With the ring in place the steady state allocates nothing per chunk, the GC went quiet, the consumer kept its budget, and the drop rate fell to zero. The deeper channel depth from earlier is slack on top of this — not a substitute for it.

The second problem: silent live IQ loss (issue #402)

The symptom. When the control channel did drop IQ, there was no way to tell. A decode failure looked identical whether it came from a weak signal, multipath, or the live path silently shedding chunks. Live IQ loss was indistinguishable from an RF problem.

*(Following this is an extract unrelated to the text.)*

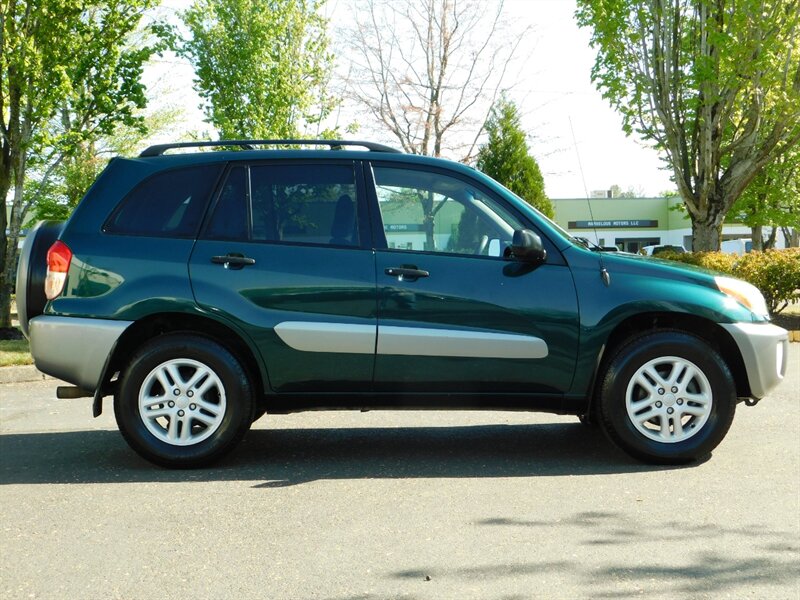 2002 Toyota RAV4 4WD / 4-cyl / Automatic / Clean Title / LOW MILES   - Photo 3 - Portland, OR 97217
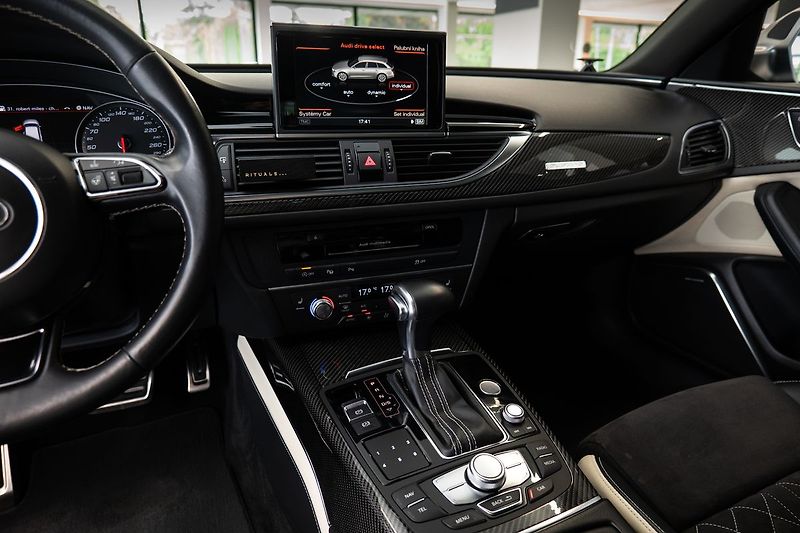 Audi RS 6 Bang&Olufsen/360 - fotka 12 z 26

The root cause and fix. The drop branch in deliver was genuinely silent — it threw the chunk away and moved on. We added a lifetime drop counter and a notification hook:

// internal/sdr/rtlsdr/purego/device.go
dropped atomic.Uint64

func (d *Device) DroppedChunks() uint64 { return d.dropped.Load() }

Now the drop branch records every discard and notifies an observer outside the lock (so the callback can’t stall the reaper):

// internal/sdr/rtlsdr/purego/stream.go (drop branch)
d.dropped.Add(1)
sdr.NotifyIQDrop(d.info)

NotifyIQDrop drives an operator-facing Prometheus counter (iq_underruns_total) plus a rate-limited warning. A non-zero count during a decode failure now points squarely at a live-path overrun rather than the air — a diagnosis you simply could not make before. (The same issue-#402 work also exposed ActualSampleRate, because the down-converter has to derive its symbol clock from the rate the chip is actually delivering, not the requested one — but that’s a decode-path story.)

The third problem: a silently dead stream (issue #345)

The symptom. When a dongle fell off the USB bus mid-stream — unplugged, or an unrecoverable ENODEV/EPROTO — the consumer goroutine would block on the IQ channel forever. No error, no EOF, just a permanent hang.

The root cause. The USB reaper goroutine inside StartBulkIn exits when every bulk-IN URB dies of an unrecoverable error. But it exits without anyone calling StopBulkIn, so the consumer channel was never closed. The consumer’s range over the channel had nothing to wake it.

The fix. A stream-death callback. StartBulkIn takes an onStreamDead handler that fires exactly when the reaper exits abnormally, and it runs cancelStream:

// internal/sdr/rtlsdr/purego/stream.go
func (d *Device) onStreamDead(error) {
    d.cancelStream()
}

cancelStream is the same idempotent teardown that context-cancel uses — guarded by a sync.Once, it stops the bulk-IN ring and closes the consumer channel:

// internal/sdr/rtlsdr/purego/device.go
func (d *Device) cancelStream() {
    d.stopOnce.Do(func() {
        _ = d.transport.StopBulkIn()
        d.streamMu.Lock()
        if d.out != nil {
            close(d.out)
            d.out = nil
        }
        d.streamMu.Unlock()
    })
}

Now a dead stream surfaces to the consumer as a closed channel — a clean EOF — so the decoder sees ErrIQStreamClosed, the daemon logs it once and decides whether to retry or exit. The watchdog that does the actual reconnect is the subject of a later post; here the point is that failure became visible instead of becoming a hang.

The design principle: zero-allocation steady state + explicit failure signaling

The streaming layer is governed by two rules that show up over and over in real-time Go: the hot path should allocate nothing in steady state, and every failure mode should produce a signal, never silence.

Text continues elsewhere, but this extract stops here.